13. The reviews might be pretty awful, but if you’re Kanye: A) your fashion shows will be endlessly discussed and B) you just DGAF what people think.
Maybe you loved it. Maybe you absolutely loathed it. Or perhaps you just couldn't really understand how layering glorified compression garments could be called a "collection." But everyone had an opinion about Yeezy Seasons 1 and 2, which were total conversation-dominators for fall 2015 and spring 2016, respectively. Ah, the power of celebrity. Can Rihanna garner the same level of buzz when she presents her Puma by Rihanna collection in February?
14 of 15
Photo: MediaPunch/REX Shutterstock.
14. Transgender individuals — and genderless design concepts — have never been more relevant or accepted.
In July, major modeling agency IMG/WME signed, Hari Nef, its first trans model in the U.S.; she's starred in campaigns like & Other Stories and walked in shows like Adam Selman. Meanwhile, an entirely transgender modeling agency opened in L.A. over the summer. Beyond the fashion orbit, trans individuals were more prominent and vocal in pop culture than ever in 2015 (Caitlyn Jenner being just one example).
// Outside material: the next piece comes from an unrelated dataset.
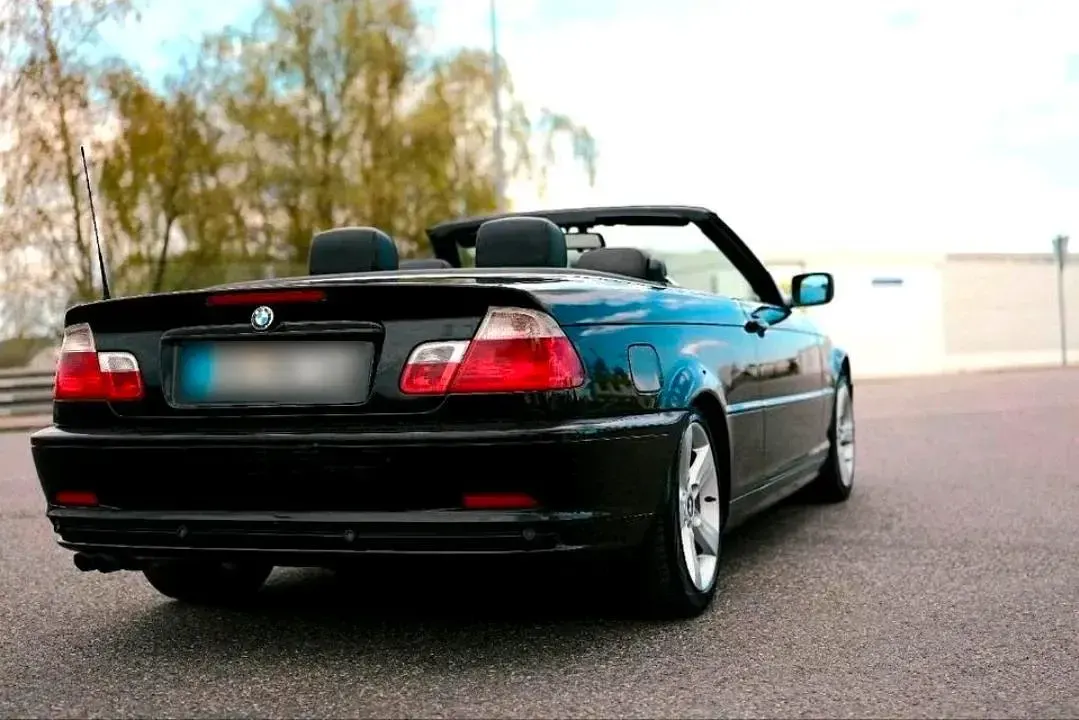 Gebraucht BMW 320 Cabriolet 170 PS (125 kW) 2001 Schwarz Cabrio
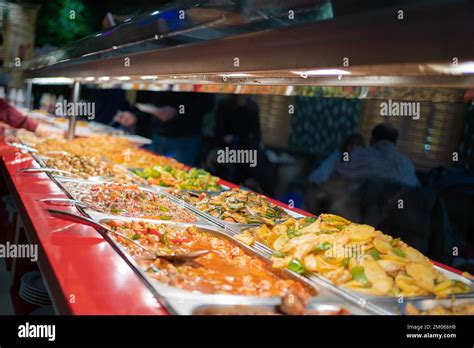 Chinese Buffet Hi Res Stock Photography And Images Alamy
Simultaneously, Gucci's very intriguing, very under-the-radar creative director appointment in January of Alessandro Michele has resulted in some of this year's most exciting, contentious, and gender-bending runway moments of 2015. J.W. Anderson and Hood By Air's Shayne Oliver have also contributed to the lively, ever-evolving dialogue on agendered clothing. Here's to lots more of that in 2016.
15 of 15
Photo: Misha Nonoo.
15. Enjoy those traditional catwalk shows while you still can.
Because the fashion show (and week) as we know it may soon go extinct. Designer Misha Nonoo skipped an IRL showing at NYFW entirely for her spring 2016 collection, instead opting for an "Insta-show" on Instagram.

And though Givenchy's spring 2016 show did involve a traditional runway set up, the location (New York instead of Paris) and level of accessibility (over 1,000 tickets were given away to local residents, fashion school students, and the public, with most doled out via social media) were quite radical.